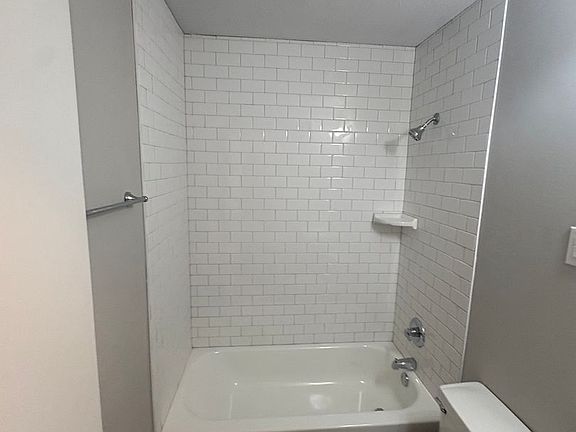 5th image of 3235 Dorchester St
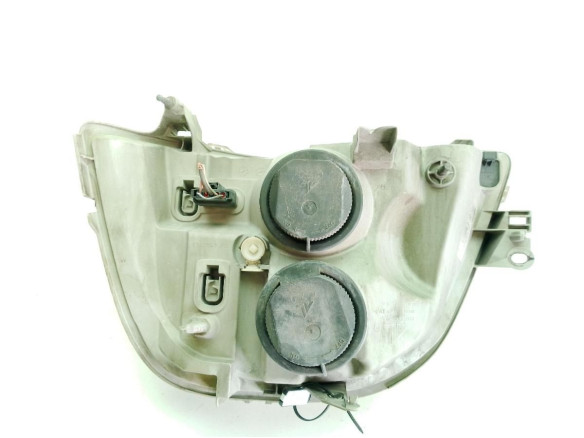 8200163518 FARO DERECHO RENAULT MASTER II Furgón (FD)|Desguaces La Cabaña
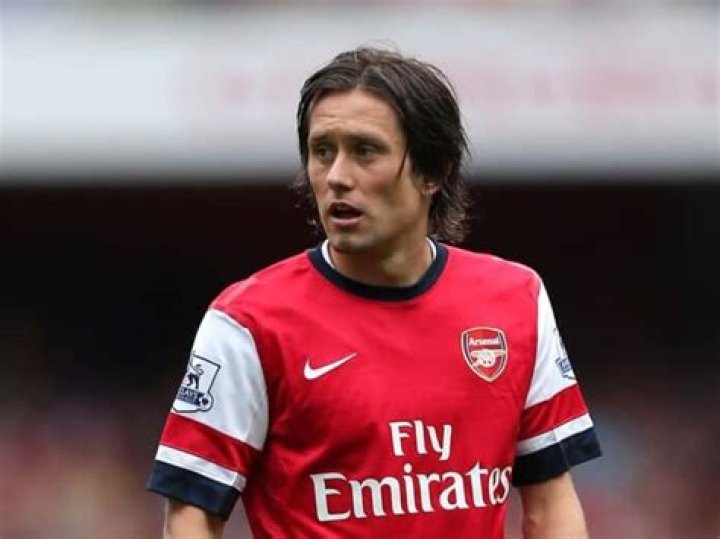 Tomas Rosicky - Bio, Age, weight, height, Wiki, Facts and Family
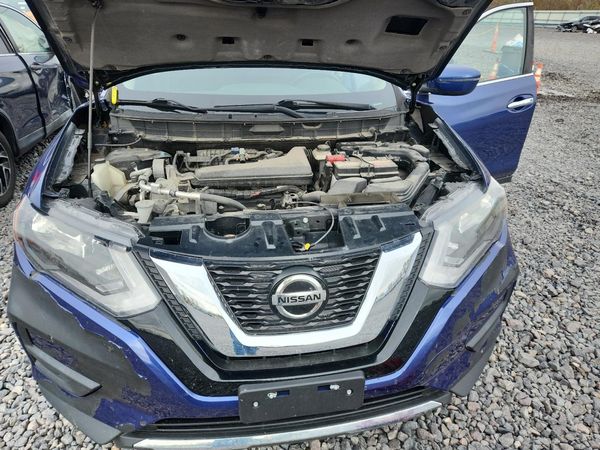 2019 NISSAN ROGUE — Engine bay
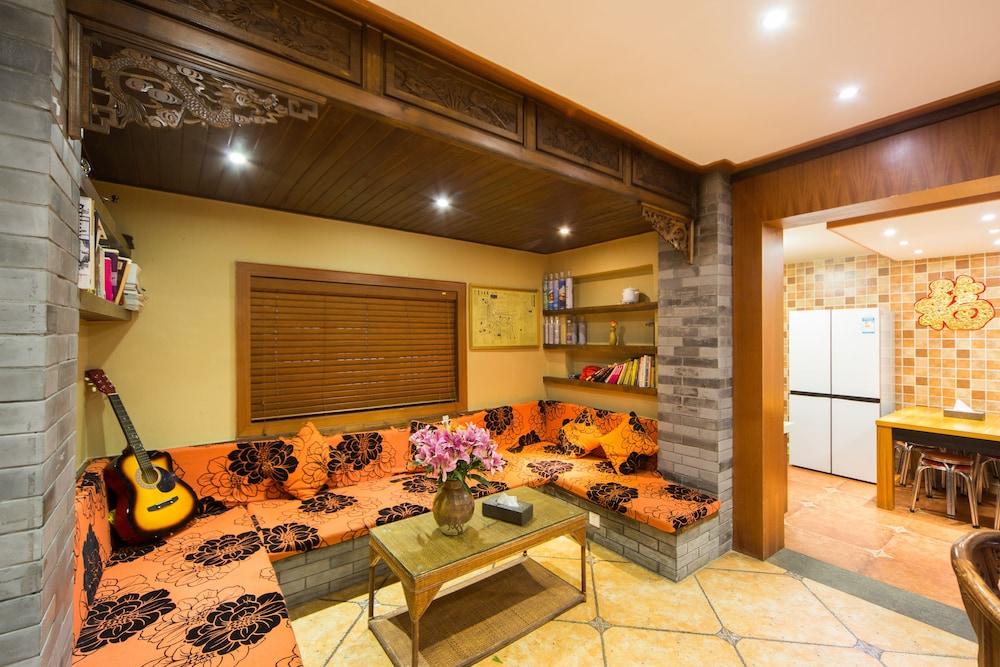 Lijiang He Mu Ju Inn Fairview Branch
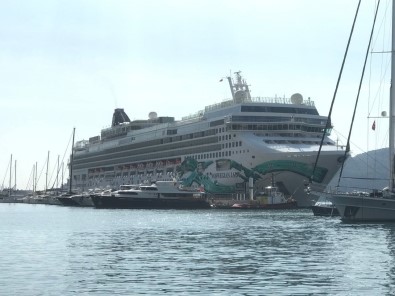 Dev Yolcu Gemisi Israil'deki Savastan Dolayi Rotasini Marmaris'e Çevirdi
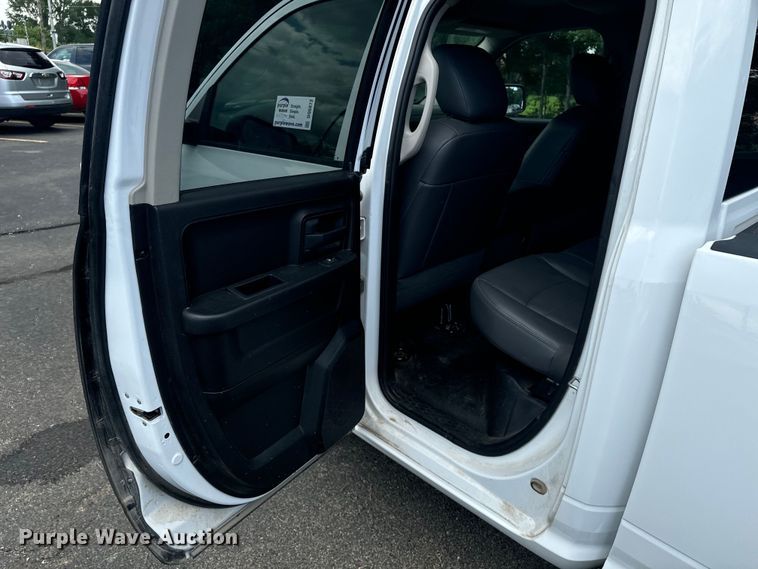 image for item DQ6872 2017 Dodge Ram 1500 Quad Cab pickup truck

**PROMPT**
Write down the full listing above exactly as it is, except for any images.

**TASK OUTPUT**
 5th image of 3235 Dorchester St
 8200163518 FARO DERECHO RENAULT MASTER II Furgón (FD)|Desguaces La Cabaña
 Tomas Rosicky - Bio, Age, weight, height, Wiki, Facts and Family
 2019 NISSAN ROGUE — Engine bay
 Lijiang He Mu Ju Inn Fairview Branch
 Dev Yolcu Gemisi Israil'deki Savastan Dolayi Rotasini Marmaris'e Çevirdi
 image for item DQ6872 2017 Dodge Ram 1500 Quad Cab pickup truck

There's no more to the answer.